Kat maliki, kural olarak, kendi bağımsız bölümünü ve varsa eklentilerini istediği gibi kullanma hakkında sahiptir ancak bu hakkı kullanırken Kat Mülkiyeti Kanunu’nun ilgili hükümlerine özellikle de diğer kat maliklerinin hakları açısından uymakla yükümlüdür. Örneğin, Kat Mülkiyeti Kanunu’nun 18. maddesi hükmünde öngörüldüğü gibi bağımsız bölümünü ve eklentilerini kullanırken diğer kat maliklerini rahatsız etmemek, haklarını çiğnememek, yönetim planı hükümlerine uymak zorundadır. Bağımsız bölümünde, diğer bağımsız bölümlerde oturanları rahatsız edecek biçimde yüksek sesle müzik dinlenmesinden kaçınılmalıdır. Yine örneğin madde 19 uyarınca, ana yapının mimarı durumu ile güzelliğini ve sağlamlığını titizlikle korumakla yükümlü olan kat maliki, kendi bağımsız bölümünde ana yapıya zarar verecek nitelikte onarım ve değişiklik yapmamak zorundadır. Kat maliki, KMK 23. madde hükmüne göre, ortak bir tesisin ya da diğer bir bölümün onarımı için bağımsız bölümüne geçilmesi gerekiyorsa, buna izin vermek durumundadır. Yine örneğin, tapuda konut olarak kayıtlı bulunan bağımsız bölümünü işyeri olarak kullanabilmesi için 24. maddede öngörülen koşullara uyması, bunun gibi 25. maddenin c bendinde yazılı olduğu üzere, kendi bağımsız bölümünü ahlak ve adaba aykırı biçimde kullanmaması gerekmektedir.
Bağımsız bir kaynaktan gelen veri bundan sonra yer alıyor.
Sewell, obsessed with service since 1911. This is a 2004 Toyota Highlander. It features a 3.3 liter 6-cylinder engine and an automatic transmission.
Kat malikleri gerek kendi bağımsız bölümlerini gerekse ortak yerleri kullanırken birbirlerini rahatsız etmemek ve haklarını çiğnememekle yükümlüdürler. Bu yükümlülüğü yerine getirmeyenler hakkında öteki kat maliklerinde her birinin hakimin müdahalesini isteme hakları vardır. Bu bağlamda, bir kat malikinin ortak yerden yararlanması engellendiğinde ya da buradaki ortak mülkiyet hakkına el atıldığında o kat maliki, çekişmenin giderilmesi ve el atmanın (müdahalenin) önlenmesi için dava açabilir. Ayrıca, bu haksız saldırıdan dolayı bir zarara uğramışsa tazminat isteminde de bulunabilir.
Bağımsız bölümde kira sözleşmesine ya da oturma (sükna) hakkı gibi nedenlere dayanarak devamlı şekilde oturanların ortak yerleri kullanma haklarına saldırı olduğunda, onların da belli koşullarda (bağımsız bölümün kullanımıyla sınırlı) el atmanın önlenmesini isteme hakları vardır.
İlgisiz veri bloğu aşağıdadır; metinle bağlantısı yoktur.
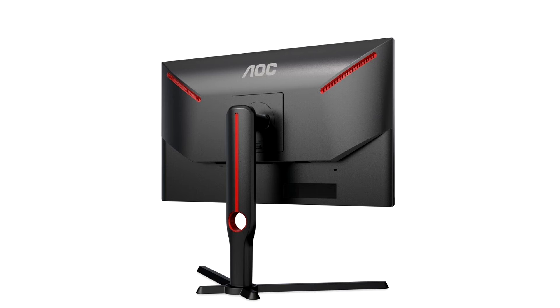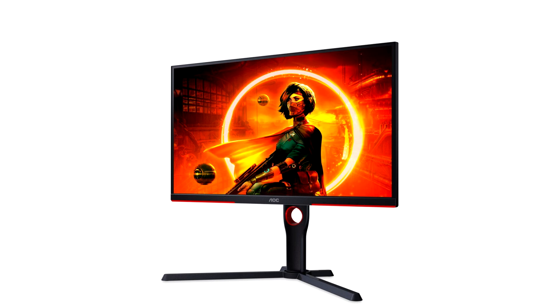Flicker-free technology and low blue light levels increase viewing comfort both during the day and at night. The 25G3ZM BK has a solid four-legged stand supporting ergonomic alignment, including 130 mm height adjustment, rotation, 90-degree portrait orientation, and extensive tilt adjustment. A cable management hole in the stand helps reduce desk clutter, and the VESA mount option and borderless design on three sides make it easier to deploy in a multi-monitor setup.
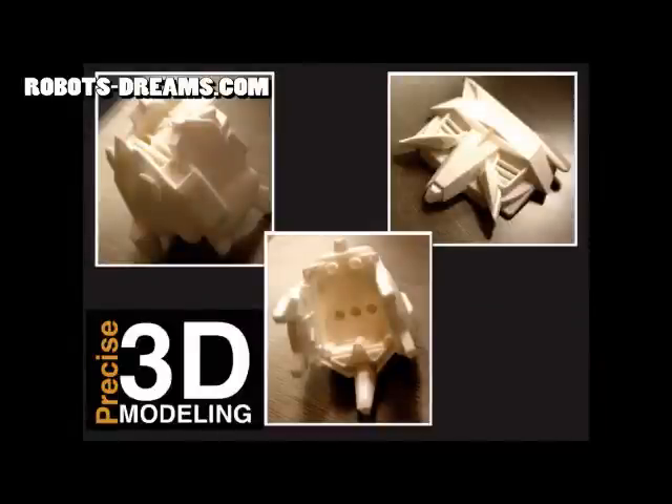All things considered, the iMaterialize 3D printing service looks like a very reasonable alternative for producing small quantity, unique parts like robot body armor with fast turnaround. We highly recommend that you take a look at it.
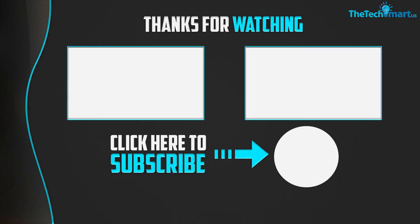Thanks for watching guys. I hope you liked this video — if it was helpful to you, please make sure to like, comment and subscribe. If you have any questions related to these products, you can leave a comment down below and I will get back to you as soon as possible.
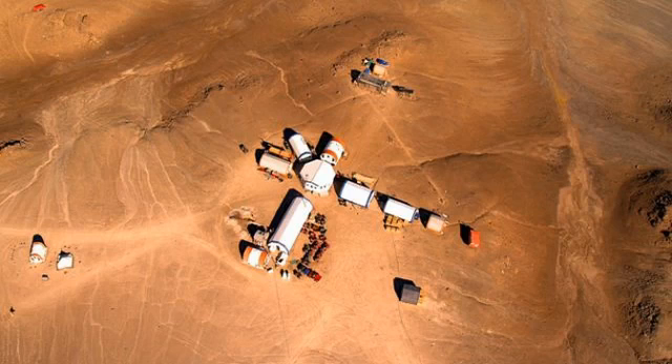The new project is based at NASA's Houghton Mars Project office on Devon Island, which is the biggest uninhabited island on Earth. It's uninhabited as a result of the harsh conditions — it's what's known as a polar desert.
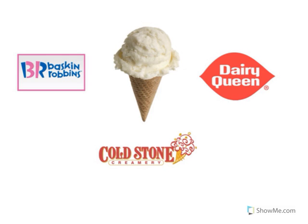Look at the picture of the food. That's an ice cream cone. Where can we go if we'd like to have some ice cream? Look at the restaurant logo. That's Baskin Robbins. Baskin Robbins sells ice cream. Look at the restaurant logo. That's Dairy Queen. Dairy Queen sells ice cream.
Yukarıda belirtildiği üzere, kat malikleri gerek kendi bağımsız bölümlerini gerekse ortak yerleri kullanırken birbirlerinin haklarını gözetmek ve çiğnememekle karşılıklı olarak yükümlüdürler. Bu yükümlülüğe uymayanlar hakkında, öteki kat maliklerinden her birinin kanunun 33. maddesi uyarınca hakimin müdahalesini isteme hakları vardır.
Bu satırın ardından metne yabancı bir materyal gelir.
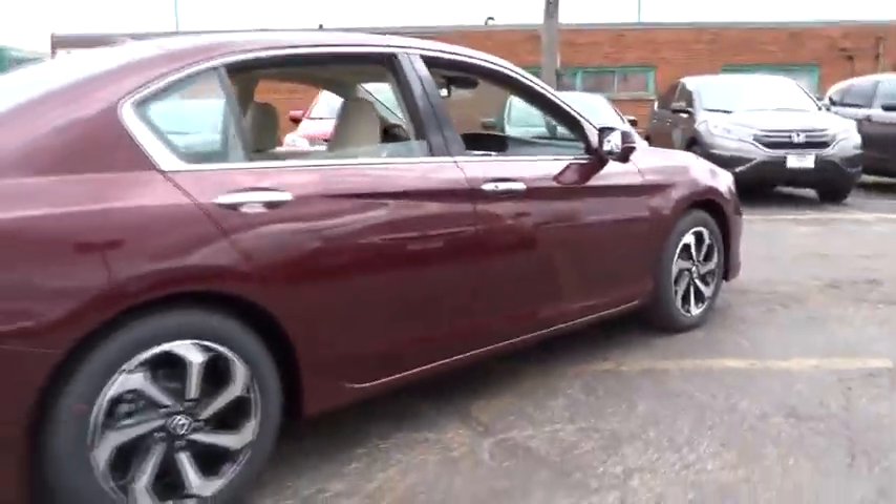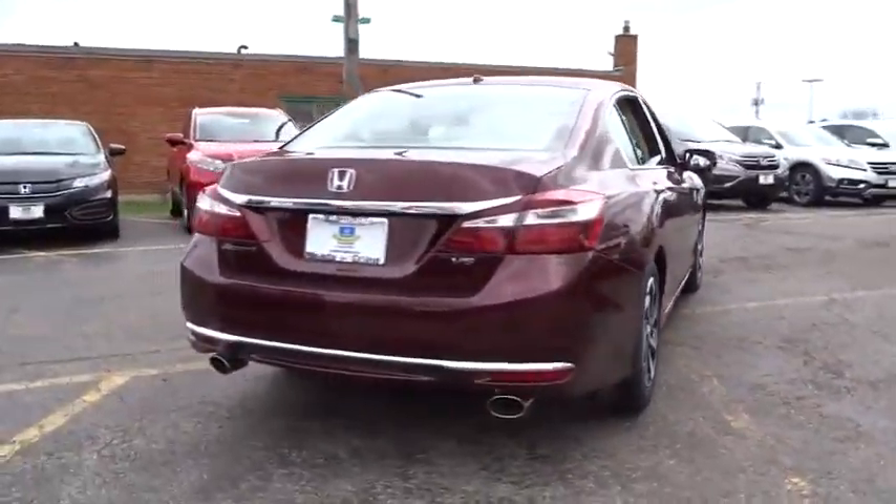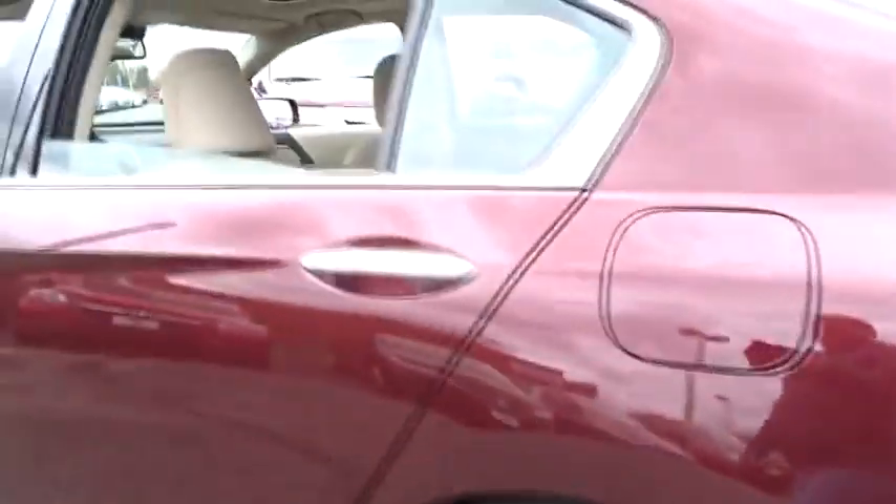Leather-wrapped steering wheel, moonroof, Bluetooth, power steering, adjustable steering wheel, driver airbag, cruise control, keyless start, auto-dimming rear view mirror, PPO, aluminum wheels, and four-wheel disc brakes.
Ortak yerlerin kullanılması konusunda kat malikleri arasında çıkan anlaşmazlıklar Kat Mülkiyeti Kanunu’nun 32/3. maddesi uyarınca, kat malikleri kurulunca çözülür ve karar bağlanır. Buna göre, ortak yerlerin kullanılmasıyla ilgili anlaşmazlık öncelikle kat malikleri kurulunun önüne getirilecek ve kurul bu konuda bir karar verecektir. Bu karara razı olmayan kat maliki, 33. madde hükmü uyarınca sulh mahkemesine başvurarak hakimin müdahalesini isteyebilecektir.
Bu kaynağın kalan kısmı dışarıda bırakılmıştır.